SUPPLIED INFORMATION:

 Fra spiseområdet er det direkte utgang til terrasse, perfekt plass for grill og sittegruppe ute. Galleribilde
* * *
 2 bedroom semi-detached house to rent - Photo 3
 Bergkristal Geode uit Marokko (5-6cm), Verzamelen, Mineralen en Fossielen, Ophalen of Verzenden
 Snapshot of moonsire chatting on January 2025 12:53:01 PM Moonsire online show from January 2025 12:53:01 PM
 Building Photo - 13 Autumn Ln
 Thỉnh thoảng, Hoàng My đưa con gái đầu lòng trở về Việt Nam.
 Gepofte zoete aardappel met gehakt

EXERCISE DIRECTIONS:
Repeat, exactly as they stand above, the lines from the line with "Thỉnh thoảng, Hoàng" to the line with "Gepofte zoete aardappel met gehakt", both lines included.

RESPONSE TO THE TASK:
 Thỉnh thoảng, Hoàng My đưa con gái đầu lòng trở về Việt Nam.
 Gepofte zoete aardappel met gehakt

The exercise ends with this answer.